Anyway here is the right one : ^(http(s?)\:\/\/|~/|/)?([a-zA-Z]{1}([\w\-]+\.)+([\w]{2,5}))(:[\d]{1,5})?/?(\w+\.[\w]{3,4})?((\?\w+=\w+)?(&\w+=\w+)*)?

A full url validation would include resolving names through dns or making a webrequest to the provided url to see if we get a 200 response. The only way to be sure is to test if it is there in my opinion.

Thanks Simeon.

And for those who really want the ftp validation : ^((ht|f)tp(s?)\:\/\/|~/|/)?([\w]+:\w+@)?([a-zA-Z]{1}([\w\-]+\.)+([\w]{2,5}))(:[\d]{1,5})?/?(\w+\.[\w]{3,4})?((\?\w+=\w+)?(&\w+=\w+)*)?

I am not sure about numbers in the username but I believe you can have a username of numbers alone.

Comments don’t seem to work on this blog engine.. so just send me a mail through the contact form. thanks

Two days later …

I discovered there is still a problem with my regular expressions… folders don’t get parsed.

I’ve solved the path issue, so now it should be finding all url’s

Expression:

^((ht|f)tp(s?)\:\/\/|~/|/)?([\w]+:\w+@)?([a-zA-Z]{1}([\w\-]+\.)+([\w]{2,5}))(:[\d]{1,5})?((/?\w+/)+|/?)(\w+\.[\w]{3,4})?((\?\w+=\w+)?(&\w+=\w+)*)?

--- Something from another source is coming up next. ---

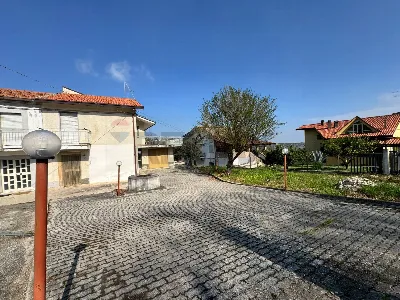 Casa Indipendente in vendita a Lanciano - foto 1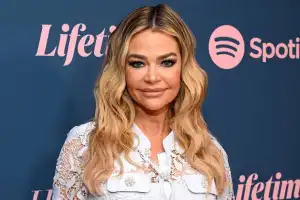 Biography & Career Of Denise Richards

Should parse the url below

http://hh-1hallo.msn.blabla.com:80800/test/test/test.aspx?dd=dd&id=dki

But not :

http://hh-1hallo. msn.blablabla.com:80800/test/test.aspx?dd=dd&id=dki

Update 29/11/2008:

Joe posted what seems to be a great regular expression in the comments

he tested it with the following urls:

http://www.google.com/search?q=good+url+regex&rls=com.microsoft:*&ie=UTF-8&oe=UTF-8&startIndex=&startPage=1

ftp://joe:password@ftp.filetransferprotocal.com

google.ru

https://some-url.com?query=&name=joe?filter=*.*#some_anchor

Expression:

^(?#Protocol)(?:(?:ht|f)tp(?:s?)\:\/\/|~/|/)?(?#Username:Password)(?:\w+:\w+@)?(?#Subdomains)(?:(?:[-\w]+\.)+(?#TopLevel Domains)(?:com|org|net|gov|mil|biz|info|mobi|name|aero|jobs|museum|travel|[a-z]{2}))(?#Port)(?::[\d]{1,5})?(?#Directories)(?:(?:(?:/(?:[-\w~!$+|.,=]|%[a-f\d]{2})+)+|/)+|\?|#)?(?#Query)(?:(?:\?(?:[-\w~!$+|.,*:]|%[a-f\d{2}])+=(?:[-\w~!$+|.,*:=]|%[a-f\d]{2})*)(?:&(?:[-\w~!$+|.,*:]|%[a-f\d{2}])+=(?:[-\w~!$+|.,*:=]|%[a-f\d]{2})*)*)*(?#Anchor)(?:#(?:[-\w~!$+|.,*:=]|%[a-f\d]{2})*)?$

Update 8/11/2009:

Expression:

^(?#Protocol)(?:(?:ht|f)tp(?:s?)\:\/\/|~\/|\/)?(?#Username:Password)(?:\w+:\w+@)?(?#Subdomains)(?:(?:[-\w]+\.)+(?#TopLevel Domains)(?:com|org|net|gov|mil|biz|info|mobi|name|aero|jobs|museum|travel|[a-z]{2}))(?#Port)(?::[\d]{1,5})?(?#Directories)(?:(?:(?:\/(?:[-\w~!$+|.,=]|%[a-f\d]{2})+)+|\/)+|\?|#)?(?#Query)(?:(?:\?(?:[-\w~!$+|.,*:]|%[a-f\d{2}])+=?(?:[-\w~!$+|.,*:=]|%[a-f\d]{2})*)(?:&(?:[-\w~!$+|.,*:]|%[a-f\d{2}])+=?(?:[-\w~!$+|.,*:=]|%[a-f\d]{2})*)*)*(?#Anchor)(?:#(?:[-\w~!$+|.,*:=]|%[a-f\d]{2})*)?$

There is a wave for this regex:

https://wave.google.com/wave/?pli=1#restored:wave:googlewave.com!w%252BsFbGJUukA

16 ResponsesLeave a comment
  • Beni
    November 29, 2009 at 12:59

    .asia ?

  • wilma
    November 30, 2009 at 17:57

    Nice work. But this regex doesn’t cover IP-Addresses as hostnames. Unfortunately i was unable to fix it in a good way.

  • Manasto
    December 3, 2009 at 08:12

    um…. i think you would absolutely be safe with something like (?:[a-zA-z}{2,8}) for Top Level Domains I don’t know what the max is, but i know the minimum is 2 characters for a dn.

  • Esben stien
    December 5, 2009 at 21:01

    Well, this is not a general URL regular expression

    I’ve never tried to create one myself, cause I believe the IETF or some friends of them has already done this.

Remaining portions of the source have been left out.